The big ‘L’ and ‘F’
Funnyman Chris Rock is coming to Broadway in a new play that aims to take a fresh look at love and fidelity. The play promises to be refreshing, with Chris turning his roll-on-the-floor-in-laughter inducing gags on two such weighty issues. The play may just do for men what The Vagina Monologues did for women — bring into open, humorous discussion, concepts that are considered taboo among a particular gender.
Where love and commitment are concerned, men tend to be slotted into two extremes: The commitment phobic, alpha male who looks at women purely as objects for one night stands, and the chocolate lover, as made famous by Shah Rukh Khan. Of course, it’s chocolate lover that a majority of women are shown swooning over. But does nothing lie in between these two extremes?
Investment adviser Ankush Makhija says most men have a common conception of fidelity, but differ widely on what they expect from love. “Fidelity to me, as to most men, means physical loyalty, which is hard enough. The problem is that most women expect men to be loyal in their minds as well — which is impossible. So men tend to lie, and women pretend to believe those lies,” he says.
But the male species fall deep when they do fall in love, qualifies Ankush: “As Shakespeare once said, ‘love doth make jackasses of us all’, I think that for all our posturing, men are the greater fools for love. We just pretend that we’re not, because it’s cooler that way.”
Law student Samarth Moray, on the other hand, entertains no such tender feelings. “They mean nothing,” he asserts, grudgingly admitting that it may be because he’s had several bad relationships.
While some display honesty and others dismissiveness, a lot of men still treat love and fidelity as concepts deserving ridicule. “Love is when the moon hits your eye like a big pizza pie,” jests Delhi-based blogger Bharat Iyer. “And fidelity is the degree to which an electronic system accurately reproduces the sound or image of its input signal.”

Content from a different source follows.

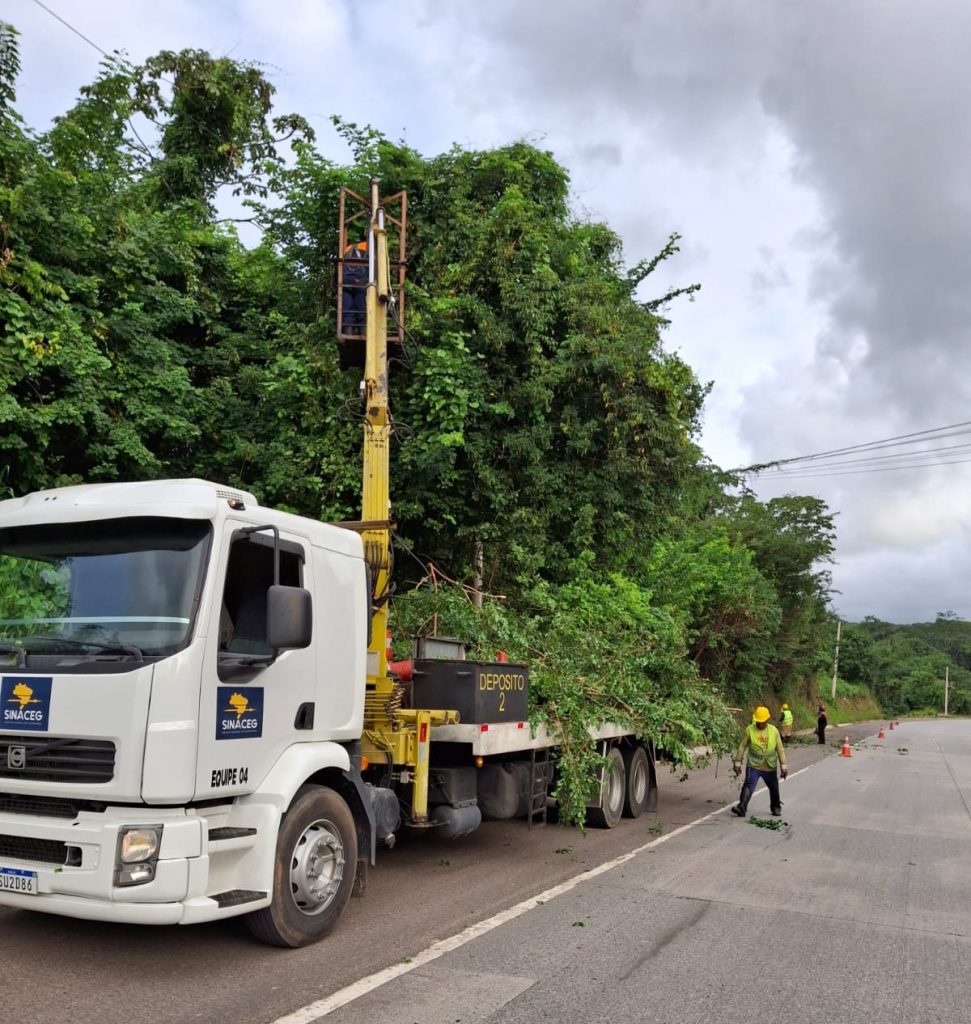 Conheça as medidas de segurança no transporte de veículos novos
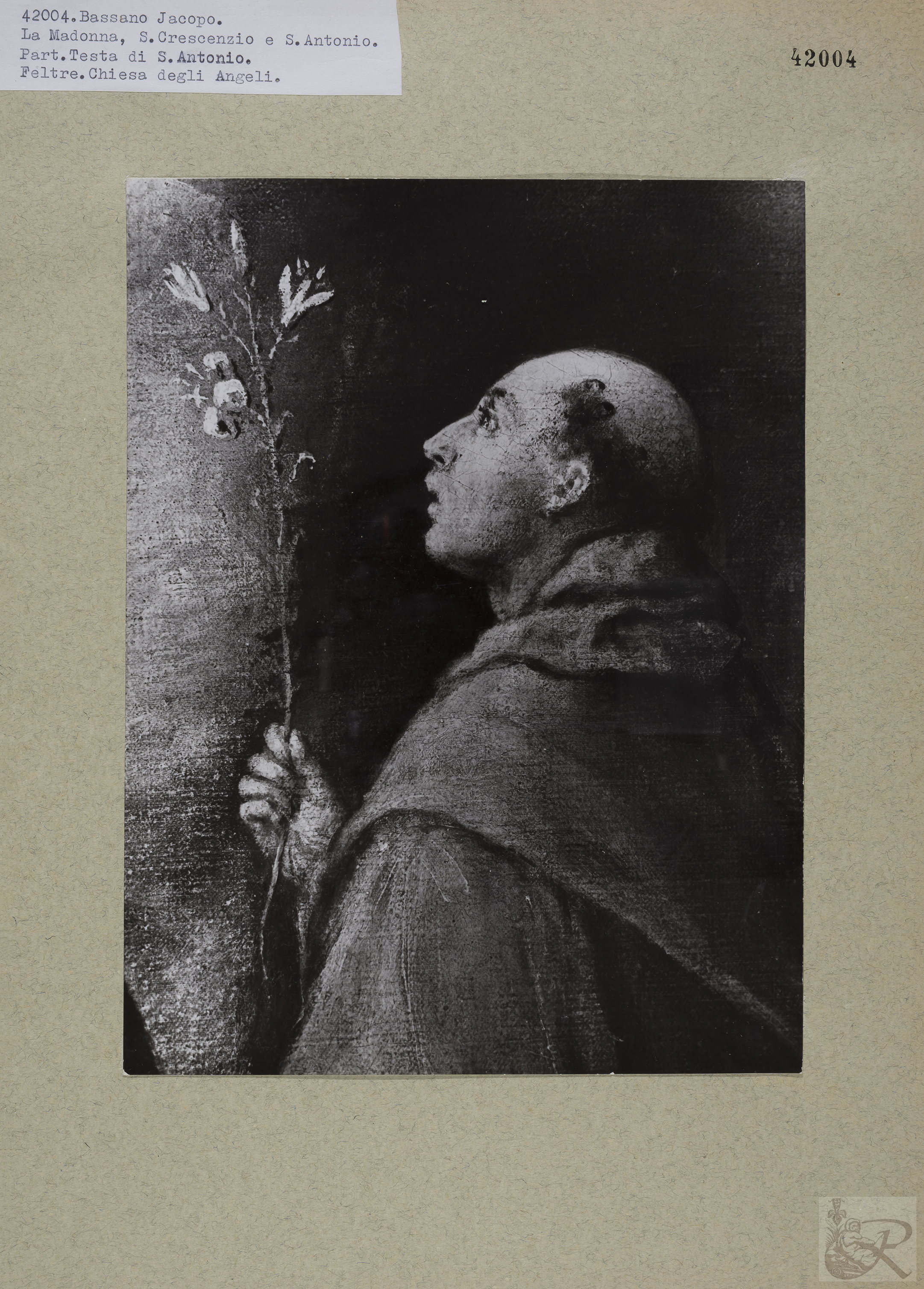 Immagine di anteprima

Dance guru Sandeep Soparrkar puts the concepts back in perspective: “I don’t believe love and fidelity have changed for either the ‘New Age’ or the ‘Old Age’ man! There were men whom you called ‘a one-woman man’ and there were others who had plenty of affairs. And there are as many men of both types even now. It’s an individual’s choice. You can never spot a trend where men are concerned.”